Incidentally, the Rolls Royce bore the splendid number plate BT 1, which must have been worth many times the value of the car; and this mismatch must surely have increased still further in Basil’s final years, when the plate was transferred to a modest, grey (or perhaps silver) Rover Sterling.

While we are on the subject, for many years Basil used to take one of his ex-wives out to lunch on a Saturday, to the country pub nearest the cottage I called home in the mid-1980s, and which I regularly revisited for its exceptional food long after I had moved away. One day he arrived in a distinctly gloomy mood, because his doctor had told him to cut back on his alcohol intake, and suggested that he should be consuming no more than seven whiskies. After he had downed seven doubles with his lunch, Ray the landlord queried whether the doctor might conceivably have been referring to single measures, a notion which was quickly dismissed as being completely ludicrous. Ray then asked Basil how he intended to get through the evening, given that he had just demolished his entire ration. Basil blanched. “You don’t think he meant seven whiskies per day, do you? I assumed he meant per session.”
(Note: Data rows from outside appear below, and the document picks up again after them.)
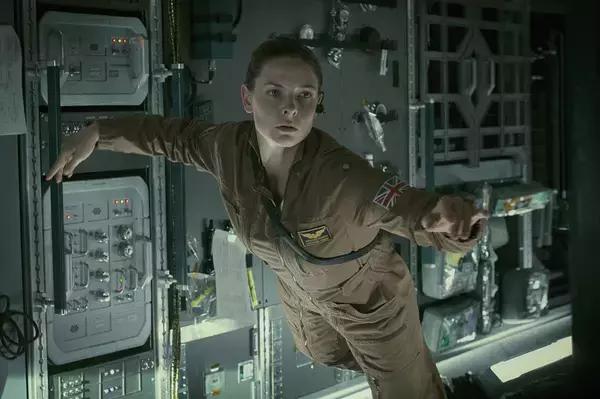 影友辣评《异星觉醒》：高颜值天团花样作死反转结局令人绝望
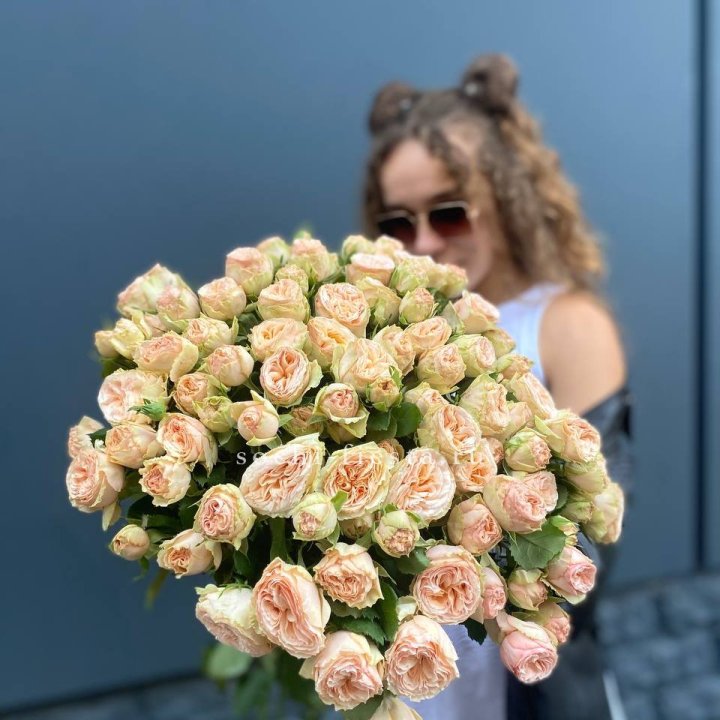 25 пионовидных роз в Ангарске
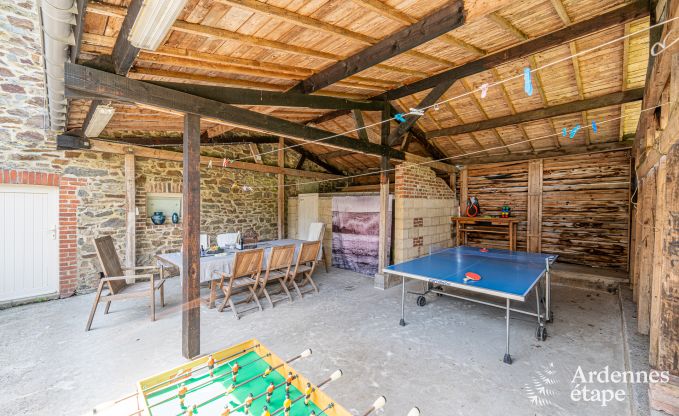 Ferienhaus in Vencimont, Ardennen, 12 Personen, 4 Schlafzimmer, privater Sauna, Billard, Garten am Wasser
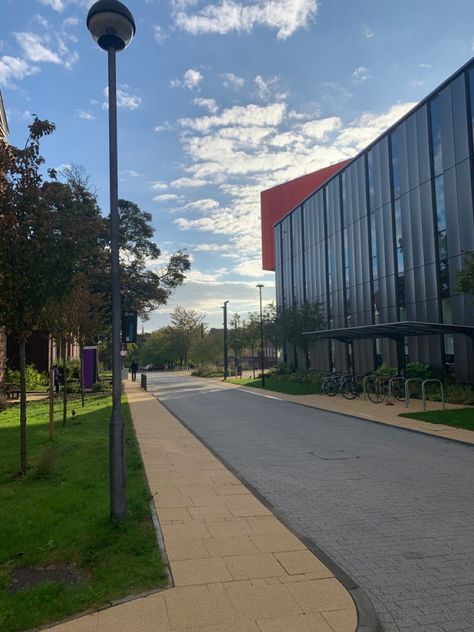 Leeds Beckett University, Leeds, University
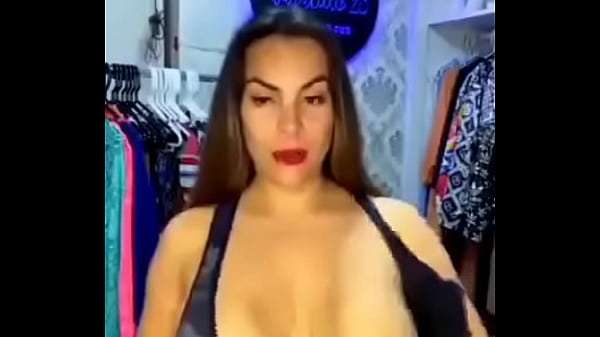 Vendedora enseña de más En Vivo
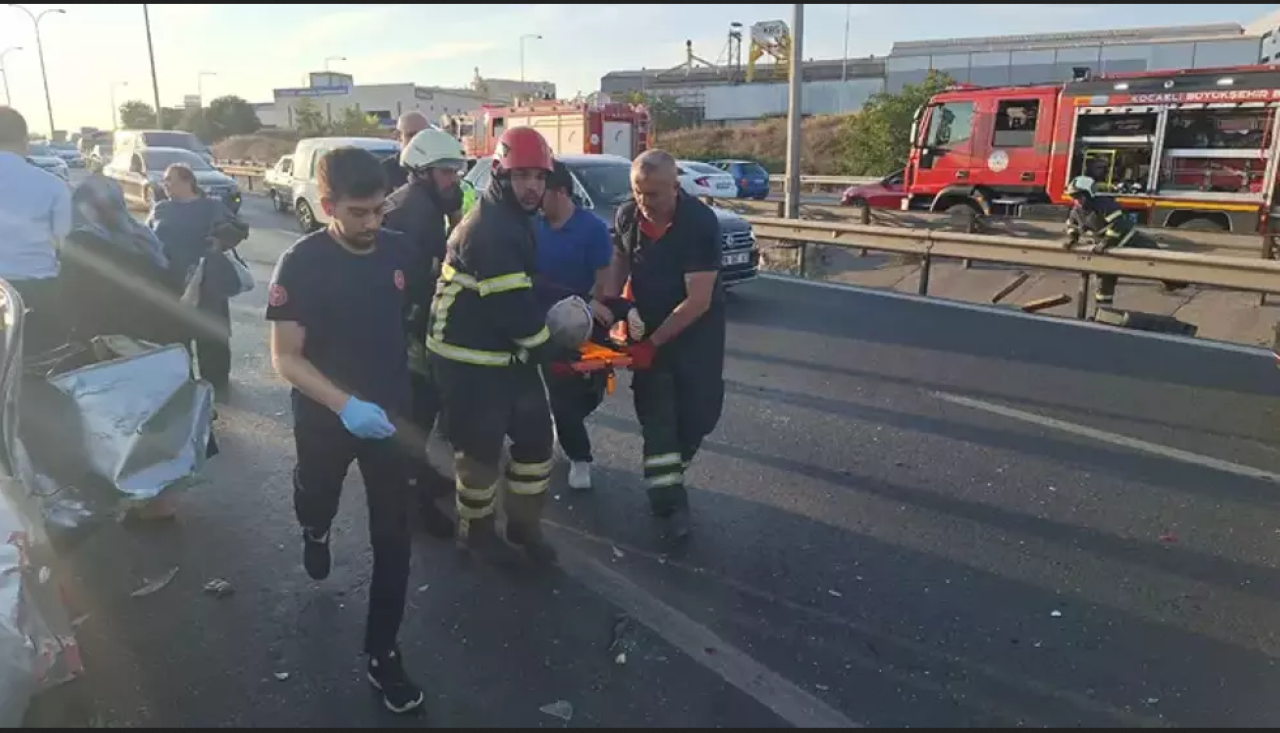 Kocaeli’de 4 araç birbirine girdi:  2 yaralı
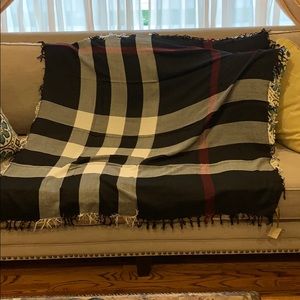 Burberry Authentic scarf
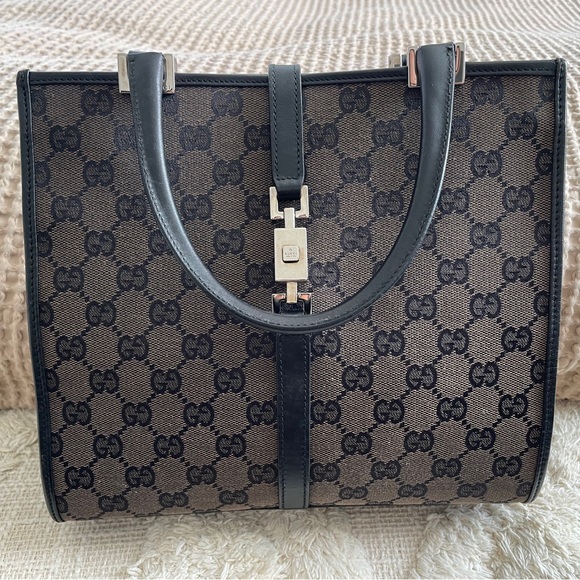 [SOLD] Authentic Gucci Jackie Tote Bag - EXCELLENT CONDITION - Picture 3 of 16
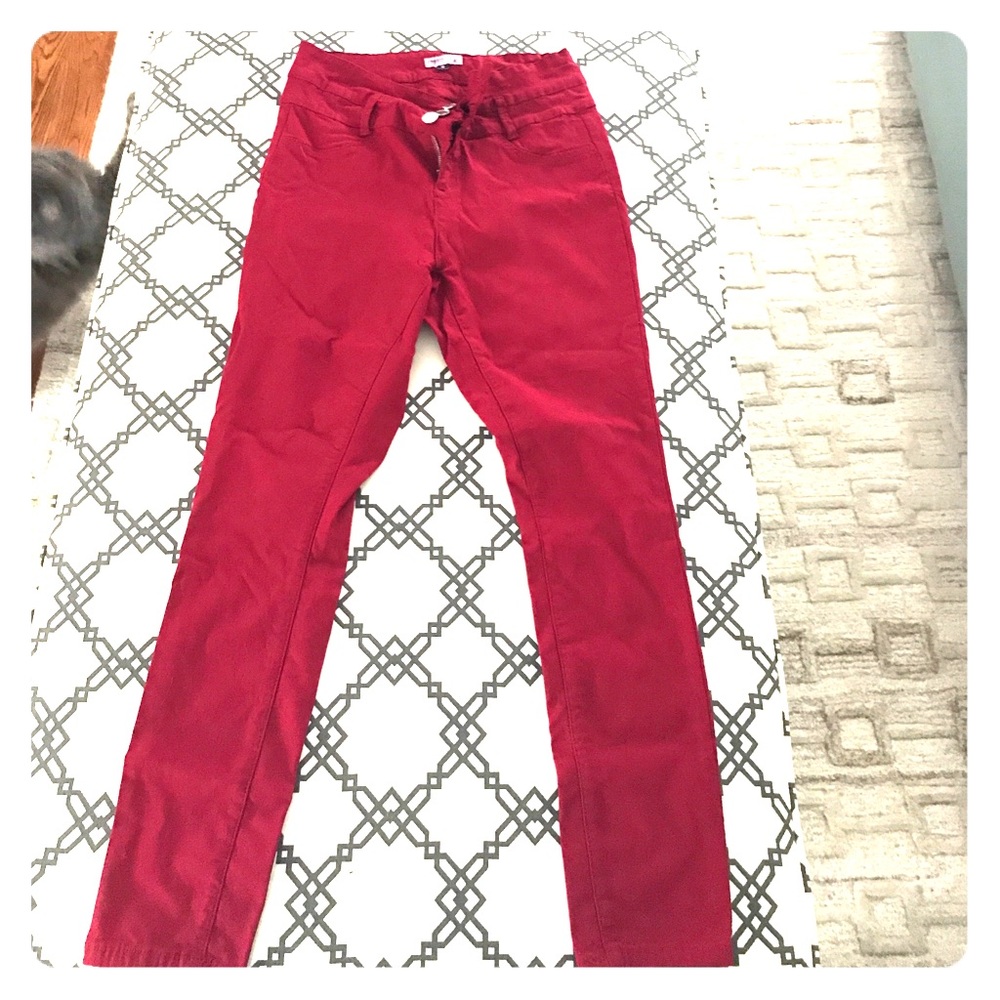 Red stretch jeans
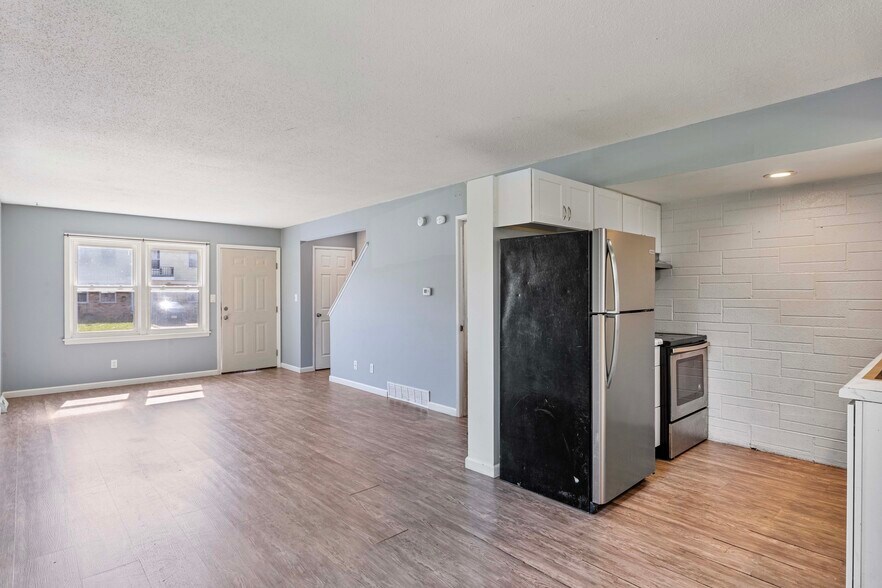 More Photos Of 2704 Magnolia Dr, Bettendorf Multifamily For Sale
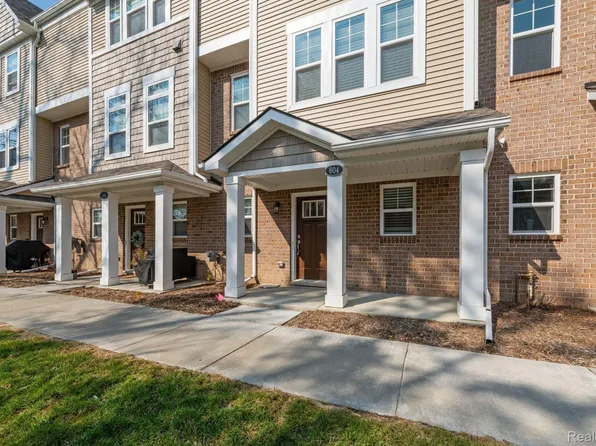 604 Anne Ave, Brighton, MI 48116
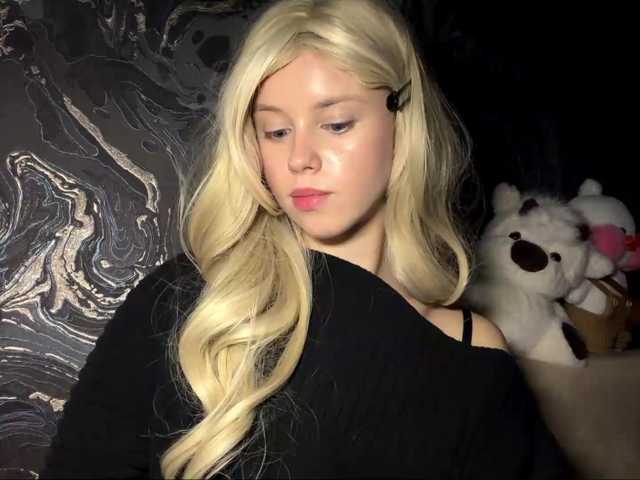 BundtAmely live cam on BongaCams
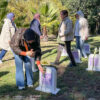 25N en Elche. Flores ante lápidas para recordar a las mujeres asesinadas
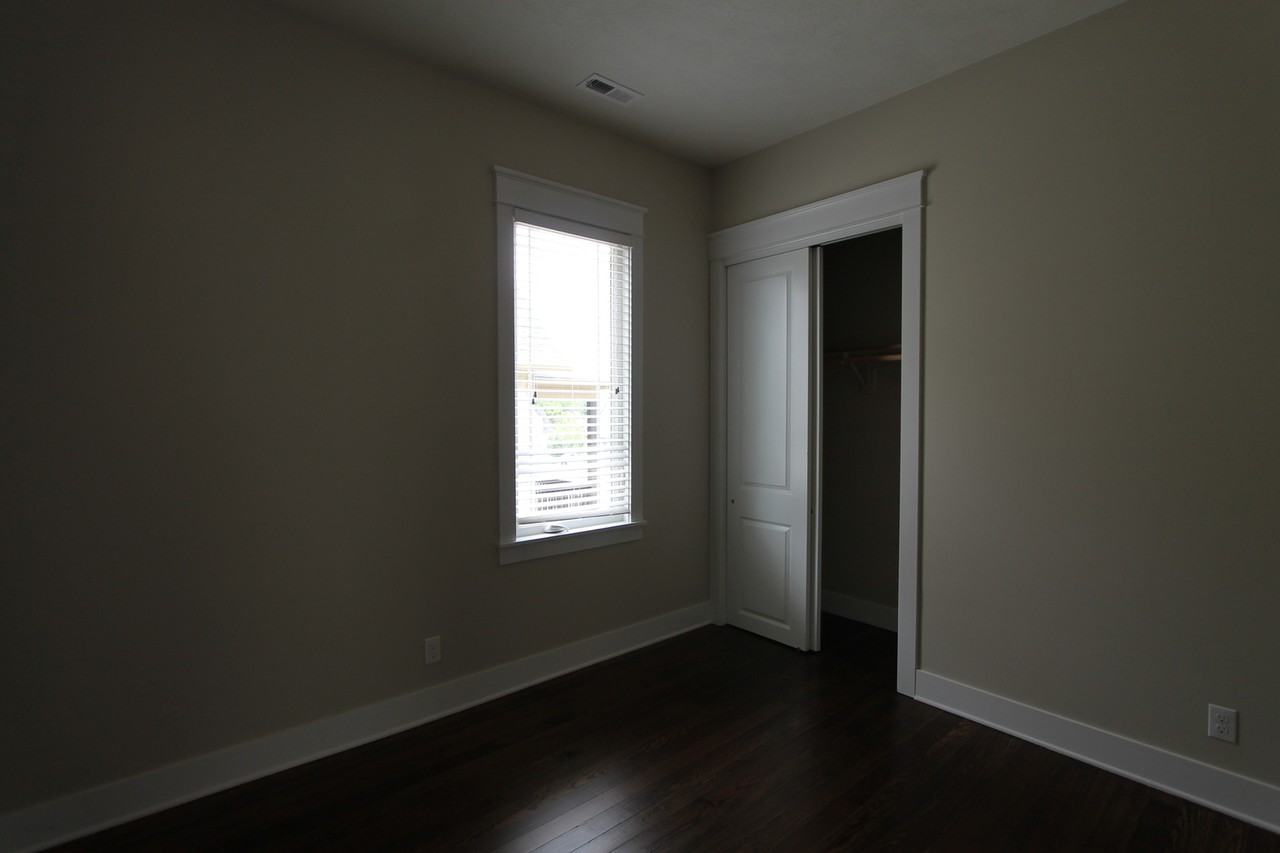 3125 S 22nd St - Photo 7 of 28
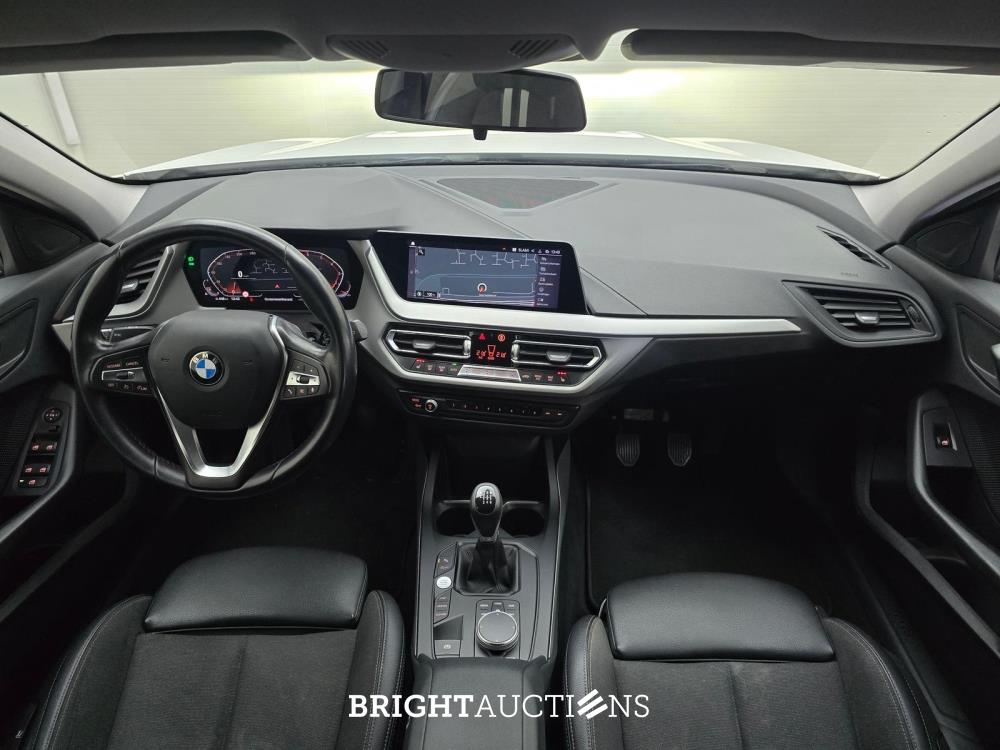 BMWBusiness 116i Business Edition 109pk 2022 (Origineel-NL) 1-serie, R-466-JR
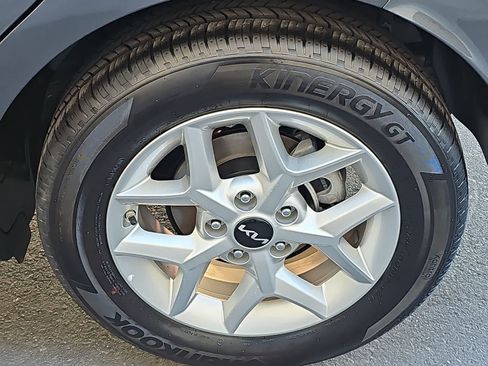 Used 2025 Kia Soul LX w/ LX Technology Package FWD image 12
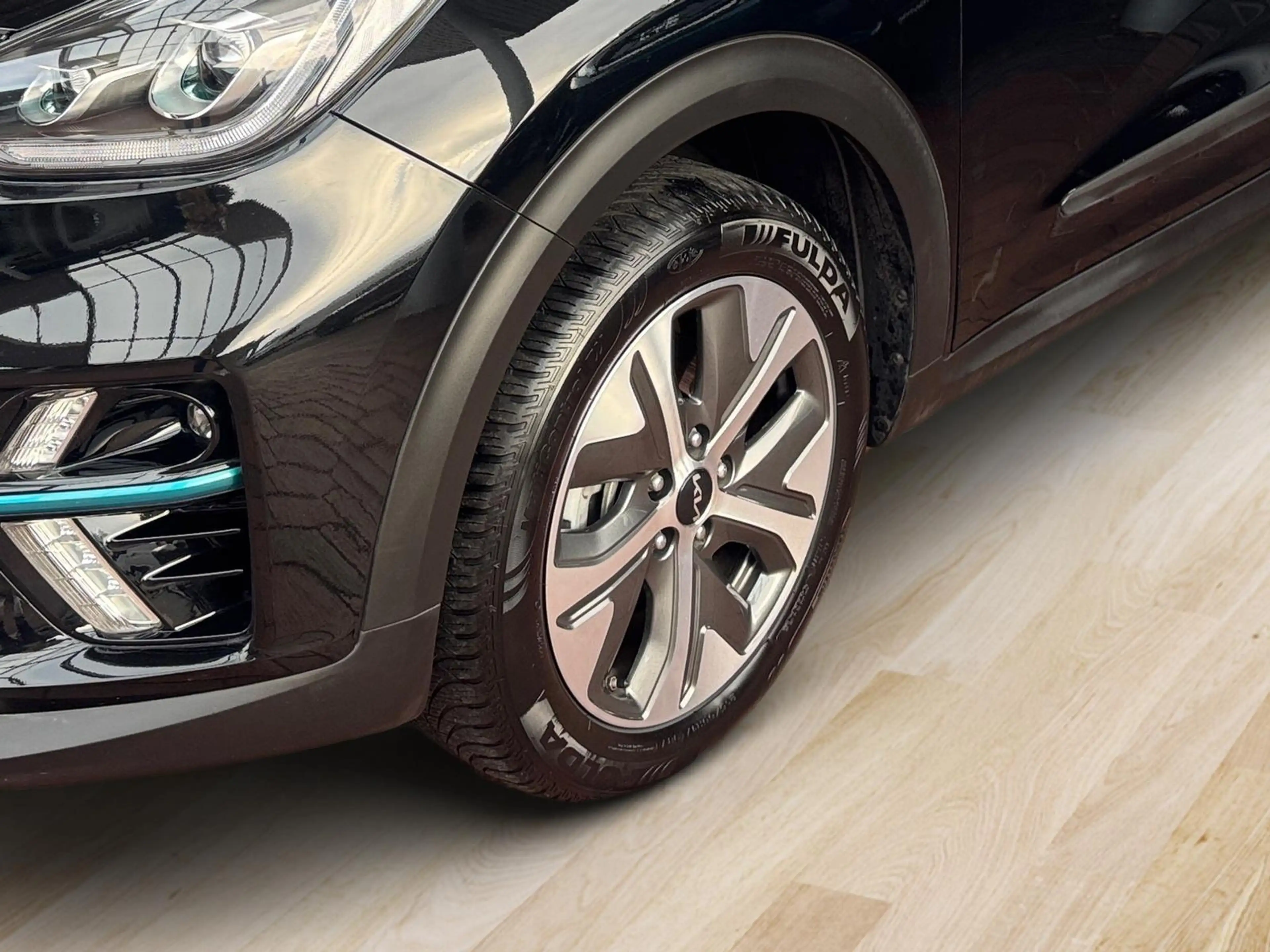 Kia e-Niro Vision 64 kWh LED Navi — photo 7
This was also the pub where a regular famously told a police officer in Alnwick, who queried whether he might have been every so slightly under the influence: “Divvent talk to me about drinking and driving, sonny. I’ve been drinking and driving since ye were in nappies!”

I would have given much to have heard that read out solemnly in court from a notebook when his case came up.

But I am thoroughly digressing from my story about the Chester pub, which we will call the Scratters’ Arms [not its real name]. Since the introduction of the brilliant smoking ban, most of its clientele (with the possible exception of Old Ted, Emily and her dog) have taken to congregating on the pavement outside, rather than in the lounge or bar. Particularly during periods of clement weather. It has never been a major issue for us, since we sleep at the back of the house. But now we have The Baby in a nursery at the front, with the window open because of the current heatwave. The Baby is having difficulty sleeping anyway because of the temperature; our marvellous new BT baby monitor went out of the window on the first night he was home because it kept giving us an all too audible warning that his room was too hot. Now, whenever Mrs H finally settles him down to sleep at night, one of the pub’s clientele produces a gale of laughter by telling the one about the gipsy and the donkey, or by letting off a particularly praiseworthy fart, and the noise wakes him up again. This goes on until well after midnight each evening.

As a result, Mrs H finally reached boiling point tonight and has resolved to compose a venomous letter to the council suggesting that the Scratters’ Arms must surely be in breach of the terms of its licence, and should be closed down forthwith. Strange to think that, if only they had been just a little more welcoming, I might have felt duty bound to say a word on two in their defence.